Hmm…the words are barely nestled into the blog when the notion of ‘male bashing’ surfaces. Is that what I’m doing? Is that what others will see if/when they choose to read what I have written about myself….about my quiet truth?

For whatever reason, as I consider these thoughts, I am pulled to seek out Ray Landry’s blog (www.eternallyevolving-ray.blogspot.com). Ray is one of those (to me) rare and amazing men who is willing to do what it takes – no matter how much pain they must move through – to find themselves…the ‘self’ that lies buried deeply under decades of dogma and pretense and intense effort to crush …and all that it takes for them to get there.

I read his words and I am drawn to write to him. In this moment, I do not feel quite so alone.

Ray:

I read your most recent entries today and am very mindful of that increasing sense of intensity...that urgency to engage differently...be different....create new experience.

Yesterday, I wrote in my blog about what I knew as a 'quiet truth' for myself. Last night and today I had the first suggestions that I am 'male bashing'....taking random pot-shots at all men because of gender. For the last hours, I've been wondering about that. And I've been reading your thoughts in your blog and felt the need to engage with you.
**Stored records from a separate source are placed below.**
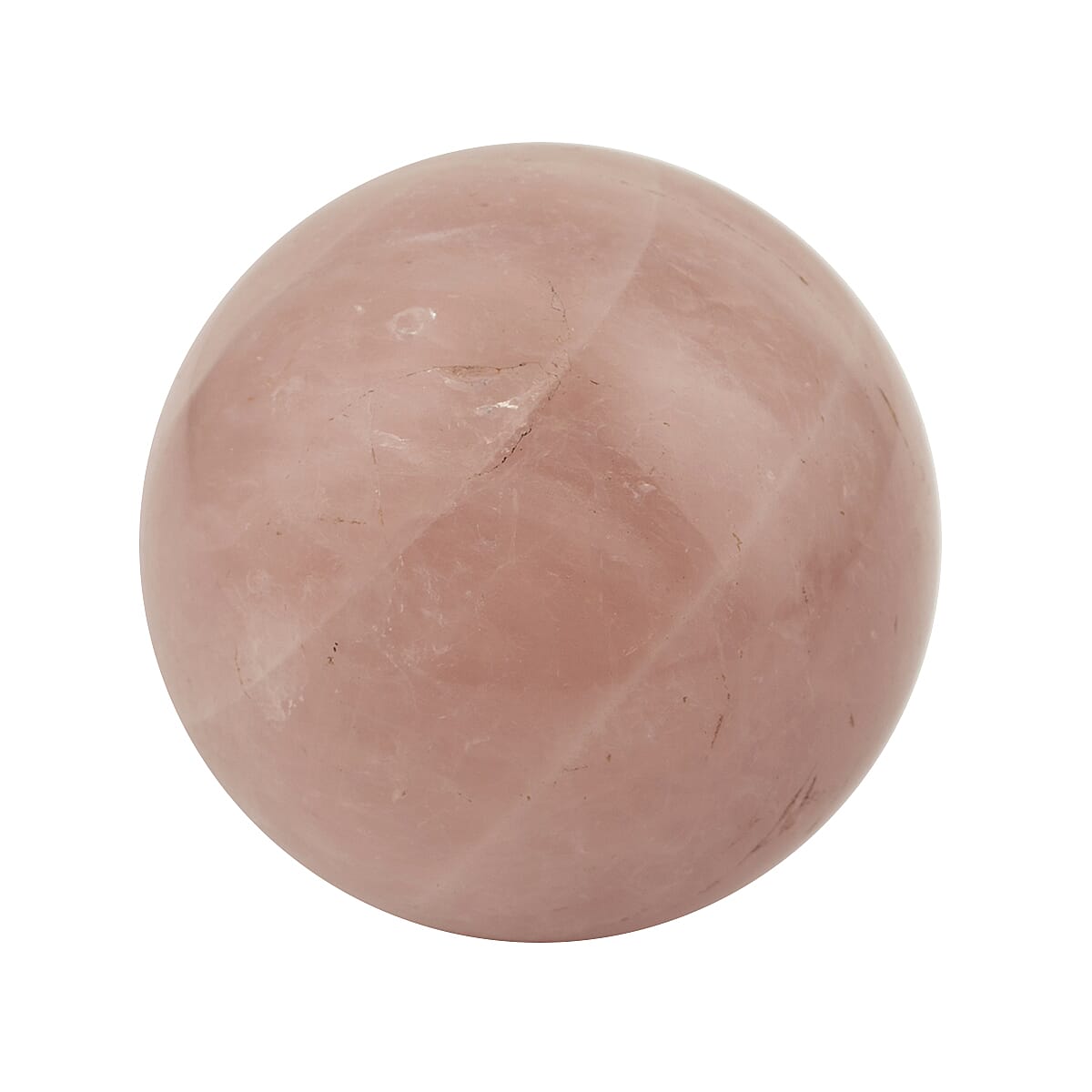 Quartz Rose Sapphire-Large 7793841 0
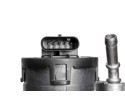 BorgWarner 710369D Valve AGR Car type passenger cars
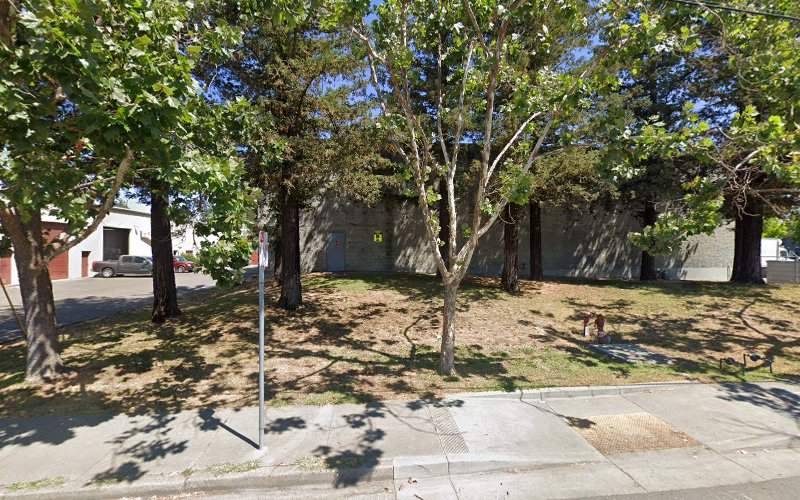 Purofirst of Sonoma County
If I consider it all as a metaphor, I believe that your experience and mine are mirror images of each other. I'm not even sure I know what that means except that it somehow feels right inside my body. It is not about reflections, even, it is more that one of us lives inside the mirror into which the other gazes, with each of us reflecting back to the other what we've lost. I am increadibly mindful of the tension...the intensity..and the density of its manifestation in the world in which we both move.

You can say things...can generalize...about men in a way that I can't because I'm not one. I read your blog and I share every thought that you've written.
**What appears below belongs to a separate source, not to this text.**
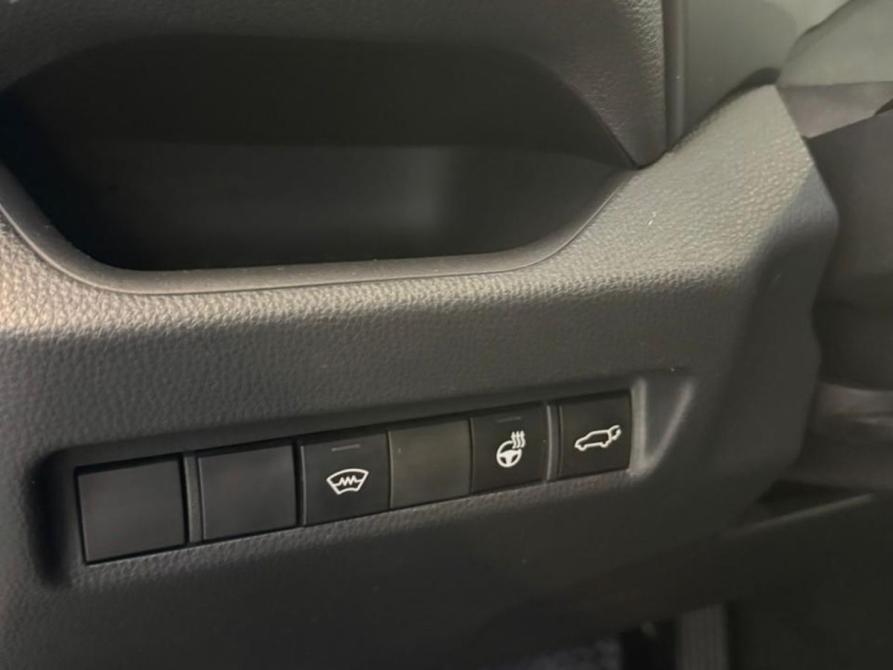 Toyota RAV4 V (XA50) Екатеринбург  - изображение 17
So what am I trying to say???? Firstly, I am deeply grateful to see your words and to know that your voice is being heard, ringing in the ears of men. My voice would only be heard as shrill and accusatory, droning on sufficiently to become yet more white noise to be ignored. Can other men ignore your voice?

In your words, I consider my sons. What harm has come to my sons (and it has) has come at the hands of other men. Physical assault. Ridicule. Humiliation. All of these because they were 'different' and without the desire to assault, ridicule and humiliate anyone else. As their mother, this is deeply painful to me. As I encouraged them to hold their ground and be true to themselves, I lived in fear that who they were would be sufficiently irritating to escalate the aggression against them by other boys/young men. (I notice as I write this that I am struggling, even to this day, to make sense of any of it! How mindless! And I wonder...what were those children taught???) Today, what comes to mind is the loss of innocence. When ours has been taken, we seek to destroy it in others.
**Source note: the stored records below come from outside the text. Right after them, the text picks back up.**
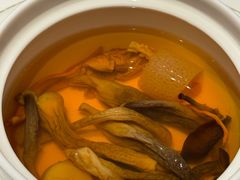 -无锡丽笙精选酒店·兰亭阁中餐厅
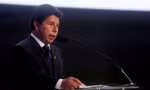 Ông Pedro Castillo bị phế chức Tổng thống Peru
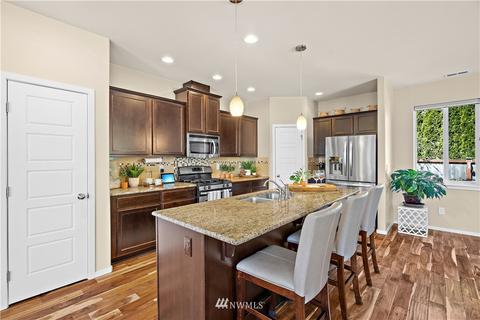 7523 149th Avenue Ct E, Sumner, WA 98390 photo 17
I continue to struggle to find the point that I am trying to make.....

Gratitude! Deepest appreciation for your courage! Relief! At these thoughts being in YOUR words and in the sound of YOUR voice! Who would accuse you of male bashing???

In this single moment, I do not feel quite so alone because of you. In this moment, my voice finds within its spaces my own courage to continue to say what is true and meaningful for me. And in this moment, as I re-read what I wrote yesterday, I am clear on who I am, what I stand for - and that my voice is clear and rings true.

My saddest moments are those when I fear that my sons - my beautiful, loving, generous, kind, funny, compassionate sons - will become what they hate in order to protect themselves. Is this what awaits all young boys as they become men? In this moment, one son has chosen to become a police officer, and the other is moving toward a career in the military. It breaks my heart.....

My last thought in yesterday's entry krept up on me as I was writing. I had no idea that it would go there, and it simply did. And that thought was: what of those men who do not know what it is to be loved? What future will unfold for them?

Men hurt others.....women, children and other men. All men? No, absolutely not...but far too many to pretend that it is not so. Women will never stop men from spiraling down this path to destruction of self and other - only other men can do that.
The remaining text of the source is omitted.